3 (Art. 6-3), cannot be said to be insusceptible of restriction (see
e.g. Can v. Austria, Comm. Report 12.7.84, Eur. Court H.R., Series
A no. 96, pp. 15-19). The Commission must therefore consider whether
or not the alleged delay in consulting a solicitor was in conformity
with the Convention.
In the present case, the applicant had the possibility of over
three months prior to his trial to communicate with his lawyer and
prepare his defence. The applicant has not established that the
initial period of 6 hours of his detention was of crucial relevance to
the preparation of his defence or to the fairness of his trial or that
he was prejudiced in any material way by the refusal of access to his
solicitor during this period.
In light of these considerations, the Commission finds no
appearance of a violation of Article 6 paras. 1, 3 (b) or (c) (Art.
6-1, 6-3-b-c) of the Convention.
It follows that these complaints are manifestly ill-founded
within the meaning of Article 27 para. 2 (Art. 27-2) of the Convention.
3. The applicant further complains that he is unable to have
proceedings instituted against the police officers or Procurator
Fiscal involved in his case. He invokes Article 5 para. 4 (Art. 5-4)
of the Convention in this regard.
Article 5 para. 4 (Art. 5-4) guarantees to everyone deprived
of his liberty the right to take proceedings by which the lawfulness
of his detention shall be decided speedily by a court. However, this
provision does not entitle the individual deprived of his liberty to
have criminal proceedings instituted against another person.

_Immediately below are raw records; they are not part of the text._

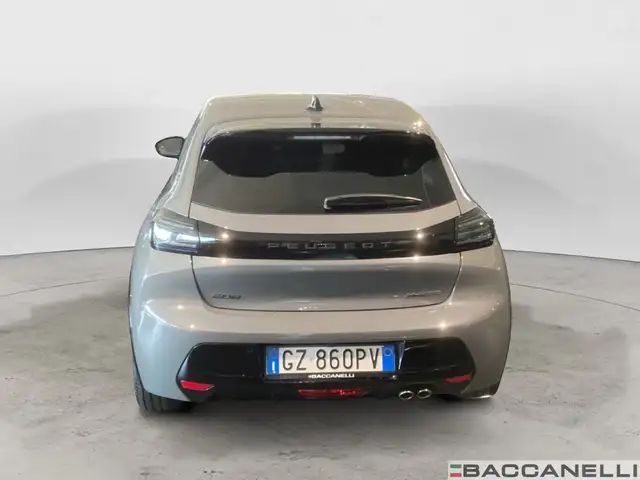 Peugeot 208 view 3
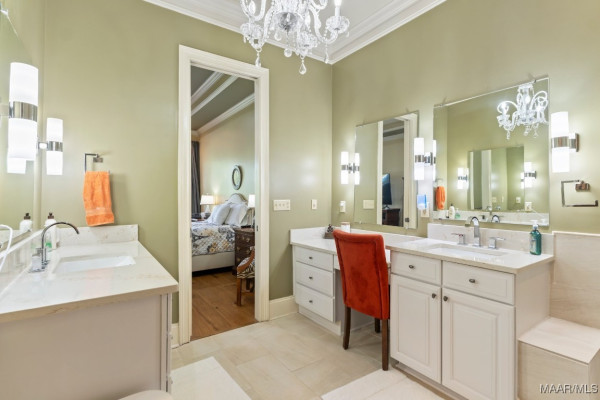 8661 LILLIAN Place
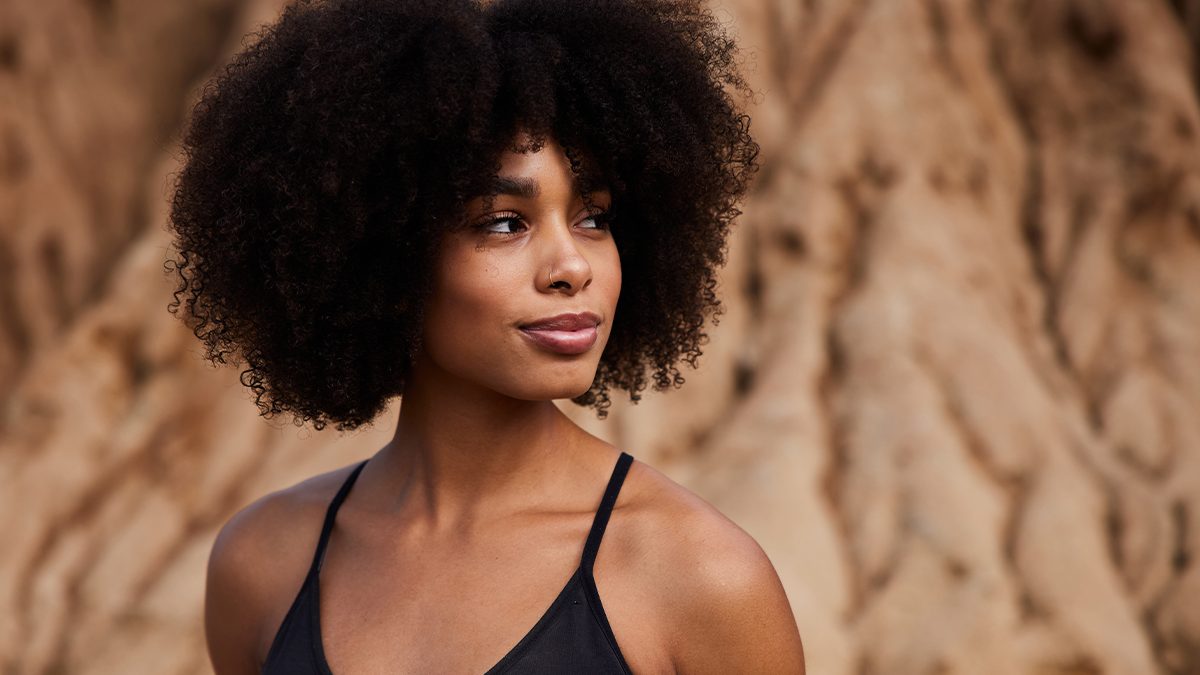 Cuatro ideas para llevar el pelo rizado y corto este invierno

The Commission has also considered this complaint under
Article 6 para. 1 (Art. 6-1) of the Convention, which guarantees to
everyone the right of access to a court for the determination of
"civil rights" or "obligations" or a "criminal charge against him".
However, the right under Article 6 para. 1 (Art. 6-1) to have a
criminal charge determined is only a right for the accused and not a
right for the victim of the alleged criminal offence, or for anyone
who makes a charge against another.
Accordingly the applicant has no right under Article 5 para. 4
(Art. 5-4) or Article 6 (Art. 6) of the Convention to have criminal
proceedings instituted against other persons (see e.g. No. 7116/75,
Dec. 4.10.76, D.R. 7 p. 91).
It follows that this complaint is incompatible ratione
materiae with the provisions of the Convention within the meaning of
Article 27 para. 2 (Art. 27-2) of the Convention.
For these reasons, the Commission
DECLARES THE APPLICATION INADMISSIBLE.